Datas de Estreia: Nota:
Brasil Exterior Crítico Usuários
24/11/2006 01/01/1970 5 / 5 5 / 5
Distribuidora
Duração do filme
87 minuto(s)

Happy Feet: O Pingüim
Happy Feet

Dirigido por George Miller. Com as vozes de Elijah Wood, Robin Williams, Hugh Jackman, Nicole Kidman, Brittany Murphy, Hugo Weaving, Steve Irwin, Anthony LaPaglia.

 Dono de uma filmografia eclética - ainda que relativamente curta – que começou com a trilogia Mad Max e inclui o irregular As Bruxas de Eastwick e o excepcional O Óleo de Lorenzo, o cineasta australiano George Miller retorna à cadeira de diretor com a animação Happy Feet depois de seis anos de ausência, já que seu último longa foi o maravilhoso (e injustamente pouco apreciado) Babe: Um Porquinho na Cidade, lançado em 1998. Responsável também pelo roteiro de Babe: Um Porquinho Atrapalhado, Miller é um dos raros autores que trabalham com segurança tanto em produções adultas quanto infantis – e que, mais do que isso, reconhece a eficácia de se acrescentar toques sombrios a histórias voltadas para públicos mais jovens, conferindo peso dramático a tramas aparentemente inconseqüentes.

Trabalhando a partir de um roteiro que escreveu ao lado de Warren Coleman, John Collee (Mestre dos Mares) e Judy Morris (sua parceira em Um Porquinho na Cidade), Miller se beneficia, em Happy Feet, do sucesso do recente A Marcha dos Pingüins, que se encarregou de apresentar ao público o curioso ciclo reprodutivo dos animais que protagonizam a animação.
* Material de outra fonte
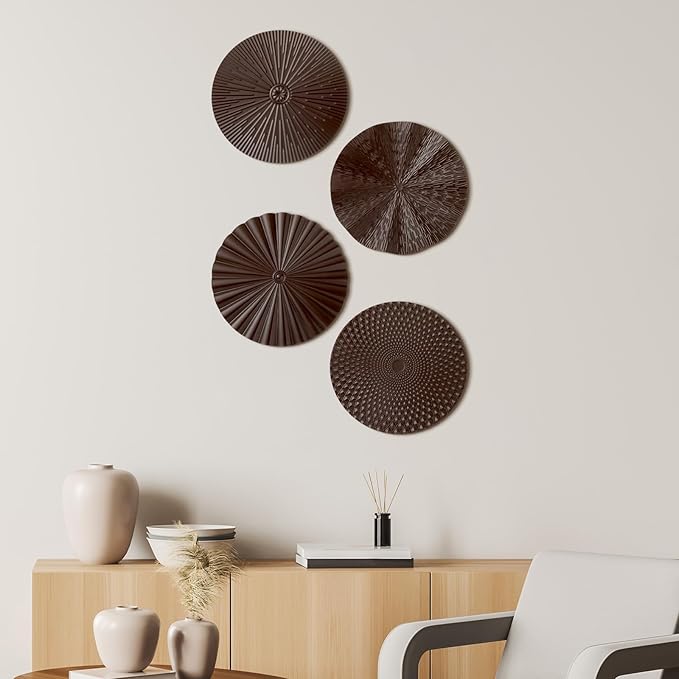 Hicarer 4 Pcs 12 Inch Metal Wall Art Decor Sunburst Hanging Metal Artwork Decor Wall Art Decorations for Home Living Room Office Gift for Christmas(Brown)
Assim, quando vemos os pingüins-imperador se agrupando numa tentativa de se protegerem do frio enquanto chocam os ovos deixados pelas fêmeas, imediatamente compreendemos o que está em jogo sem que o filme precise fornecer informações adicionais sobre o que está ocorrendo. Da mesma forma, justamente por conhecermos um pouco melhor os hábitos daquela espécie, torna-se infinitamente mais divertido perceber como Miller e seus co-roteiristas exploram a monogamia temporária dos animais para conceber uma trama na qual o canto dos pingüins desempenha papel fundamental no acasalamento – algo que representa um grave problema para o protagonista, o jovem Mano, que, incapaz de cantar, é discriminado por sua predileção pelo sapateado.

Retratados em Happy Feet como uma espécie fundamentalmente musical, os pingüins desta animação se comunicam principalmente através de canções – e é por muito pouco que o filme não se transforma em uma versão digital e estrelada por animais do belo Os Guarda-Chuvas do Amor, dirigido por Jacques Demy em 1964 e que não traz um único diálogo que não seja cantado por seus atores. Repleto de números contagiantes, Happy Feet presenteia o espectador com coreografias grandiosas (realizadas através de motion capture) que exploram com talento as próprias cores de seus protagonistas, criando ondas de preto e branco que atravessam a tela com harmonia invejável. Além disso, Miller extrai o máximo dos fantásticos cenários “naturais”, culminando numa dança embalada pela aurora austral, que aqui assume ares de luzes de boate.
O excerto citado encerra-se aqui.